Hi
The problem is that the whole system was set up in a rush. ATLAS did
not define how things were meant to be set up. A lot of trial and
error had to be done initially by sites. The setup we currently have
works but is a mess. Now that the system has been functioning for a
while ATLAS have had time to sit down and think about the best way to
do things and the strong recommendation from the experts was to use
the Tier 1 as a primary backup. Rather than just making this change
behind sites backs I was hoping that the majority of sites would
agree with the change. I have however managed to achieve the exact
opposite; convince people that the change is not really necessary and
is only for the "bad" sites. Something for me to do better next time!
I do intend to add the new monitoring and switch over sites that want
this. I am hoping that this will demonstrate that it is actually a
good idea for everybody.
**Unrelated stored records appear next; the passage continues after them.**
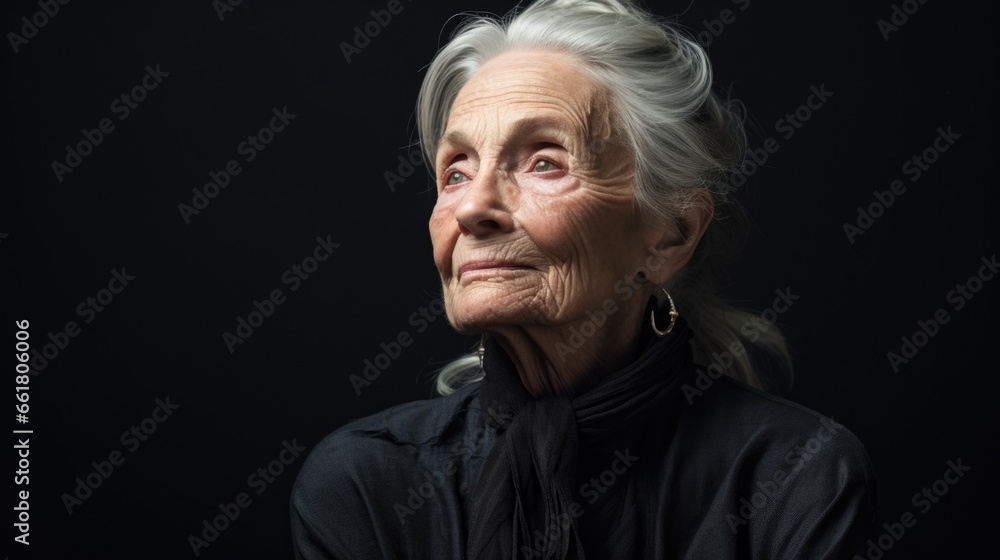 Portrait of an elderly stylish lady. Decent old age and pension. Feminine beauty. Portrait of an elderly stylish lady. Decent old age and pension. Feminine beauty.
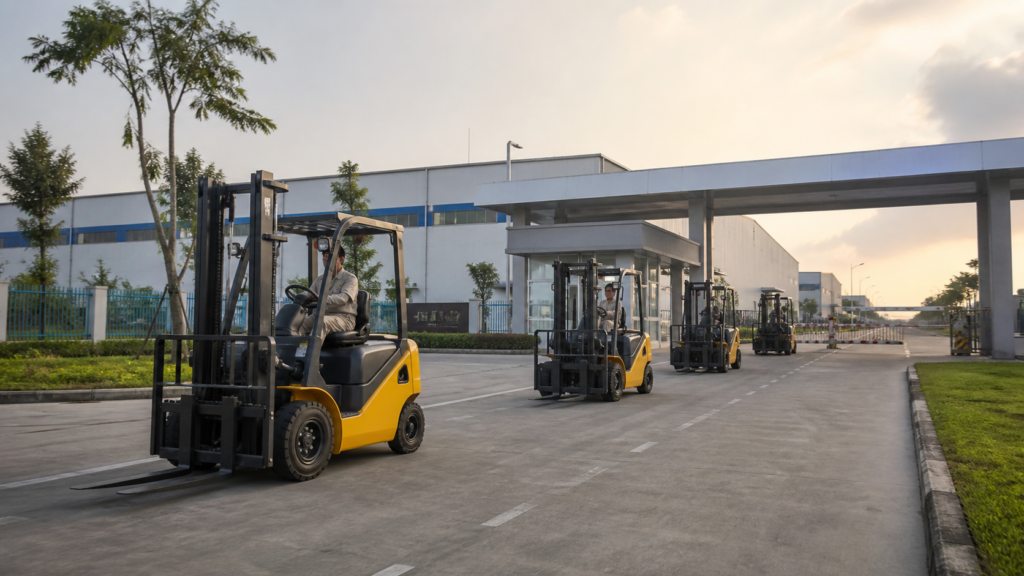 Đội xe nâng phục vụ khu công nghiệp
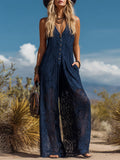 Retro Bohemian Navy Blue Lace Oversized Sleeveless Jumpsuit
Its not difficult to switch sites over
later. The one thing this has at least achieved is to make sites
aware of the issue, so hopefully the SAM test results will get fixed
whatever the method.
Alastair
On 18 Jun 2010, at 01:40, Ewan MacMahon wrote:
>> -----Original Message-----
>> From: Testbed Support for GridPP member institutes [mailto:TB-
>>
>> After a discussion in today Thursday phone meeting we have decided
>> the following:
>>
>> 1) If you have been passing the SAM tests and are happy with your
>> current setup then no changes will be made to effect your site.
>> 2) If you have been failing (getting a warning) on the SAM tests I
>> will switch you over to having the RAL Tier 1 as your primary backup.
>>
> This seems to me to be completely the wrong approach. If you want to
> switch everyone to RAL because you think that's going to be a
> technically
> better solution then that's fair enough, but it doesn't make sense to
> base any part of the decision based on the test results when they're
> essentially random.
>
> The problem with the tests is that you're testing something without
> ever having asked the sites to set it up the way you wanted. It's
> not a surprise at that point that some things are not set up the
> way you wanted.
>
> I don't have any strong views on whether it's better to use Tier 2
> to Tier 2 failover, or have everyone drop back to RAL, but it does
> seem silly to have a mixture with an individual site's behavior
> determined this way.
>
> Ewan
|